Assignment: Reproduce only the stretch of entries below that begins at the first line and ends at the line holding "Photo of Bedroom in Al Sufouh 1".

Short web captions:
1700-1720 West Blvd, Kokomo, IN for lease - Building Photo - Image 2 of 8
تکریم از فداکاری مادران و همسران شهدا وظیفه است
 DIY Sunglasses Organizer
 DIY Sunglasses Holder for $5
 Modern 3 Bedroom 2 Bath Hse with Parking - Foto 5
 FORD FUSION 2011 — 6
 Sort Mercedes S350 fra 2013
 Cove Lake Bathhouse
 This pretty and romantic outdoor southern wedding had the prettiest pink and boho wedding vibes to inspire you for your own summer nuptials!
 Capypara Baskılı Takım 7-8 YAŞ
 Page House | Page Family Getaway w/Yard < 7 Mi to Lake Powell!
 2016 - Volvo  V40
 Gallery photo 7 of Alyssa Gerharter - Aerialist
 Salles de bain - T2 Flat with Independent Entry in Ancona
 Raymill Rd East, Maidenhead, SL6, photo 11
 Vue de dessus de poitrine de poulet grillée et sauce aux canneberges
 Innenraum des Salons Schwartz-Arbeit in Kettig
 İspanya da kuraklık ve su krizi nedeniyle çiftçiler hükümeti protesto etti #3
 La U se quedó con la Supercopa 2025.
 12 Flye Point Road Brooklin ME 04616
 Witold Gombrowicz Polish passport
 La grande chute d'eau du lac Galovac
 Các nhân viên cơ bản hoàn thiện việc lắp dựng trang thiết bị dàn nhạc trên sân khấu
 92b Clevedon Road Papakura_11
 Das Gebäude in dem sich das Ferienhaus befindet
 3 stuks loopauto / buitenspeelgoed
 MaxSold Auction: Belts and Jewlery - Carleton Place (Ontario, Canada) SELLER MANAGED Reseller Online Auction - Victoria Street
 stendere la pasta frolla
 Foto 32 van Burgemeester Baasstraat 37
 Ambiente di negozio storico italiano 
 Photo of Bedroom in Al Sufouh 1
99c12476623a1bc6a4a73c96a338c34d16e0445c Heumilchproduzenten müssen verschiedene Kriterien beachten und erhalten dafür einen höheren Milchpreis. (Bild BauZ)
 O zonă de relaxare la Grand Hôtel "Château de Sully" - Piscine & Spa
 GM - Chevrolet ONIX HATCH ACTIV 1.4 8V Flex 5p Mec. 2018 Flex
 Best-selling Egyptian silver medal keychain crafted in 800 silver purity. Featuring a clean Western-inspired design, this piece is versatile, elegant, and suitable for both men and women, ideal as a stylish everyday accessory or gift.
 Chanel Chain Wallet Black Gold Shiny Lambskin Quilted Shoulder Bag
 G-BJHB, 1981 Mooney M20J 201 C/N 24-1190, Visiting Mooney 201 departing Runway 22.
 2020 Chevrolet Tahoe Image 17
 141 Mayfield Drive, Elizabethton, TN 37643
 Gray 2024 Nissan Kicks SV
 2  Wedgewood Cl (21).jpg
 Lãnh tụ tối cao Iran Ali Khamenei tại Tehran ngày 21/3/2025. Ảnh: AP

Exercise response:
1700-1720 West Blvd, Kokomo, IN for lease - Building Photo - Image 2 of 8
تکریم از فداکاری مادران و همسران شهدا وظیفه است
 DIY Sunglasses Organizer
 DIY Sunglasses Holder for $5
 Modern 3 Bedroom 2 Bath Hse with Parking - Foto 5
 FORD FUSION 2011 — 6
 Sort Mercedes S350 fra 2013
 Cove Lake Bathhouse
 This pretty and romantic outdoor southern wedding had the prettiest pink and boho wedding vibes to inspire you for your own summer nuptials!
 Capypara Baskılı Takım 7-8 YAŞ
 Page House | Page Family Getaway w/Yard < 7 Mi to Lake Powell!
 2016 - Volvo  V40
 Gallery photo 7 of Alyssa Gerharter - Aerialist
 Salles de bain - T2 Flat with Independent Entry in Ancona
 Raymill Rd East, Maidenhead, SL6, photo 11
 Vue de dessus de poitrine de poulet grillée et sauce aux canneberges
 Innenraum des Salons Schwartz-Arbeit in Kettig
 İspanya da kuraklık ve su krizi nedeniyle çiftçiler hükümeti protesto etti #3
 La U se quedó con la Supercopa 2025.
 12 Flye Point Road Brooklin ME 04616
 Witold Gombrowicz Polish passport
 La grande chute d'eau du lac Galovac
 Các nhân viên cơ bản hoàn thiện việc lắp dựng trang thiết bị dàn nhạc trên sân khấu
 92b Clevedon Road Papakura_11
 Das Gebäude in dem sich das Ferienhaus befindet
 3 stuks loopauto / buitenspeelgoed
 MaxSold Auction: Belts and Jewlery - Carleton Place (Ontario, Canada) SELLER MANAGED Reseller Online Auction - Victoria Street
 stendere la pasta frolla
 Foto 32 van Burgemeester Baasstraat 37
 Ambiente di negozio storico italiano 
 Photo of Bedroom in Al Sufouh 1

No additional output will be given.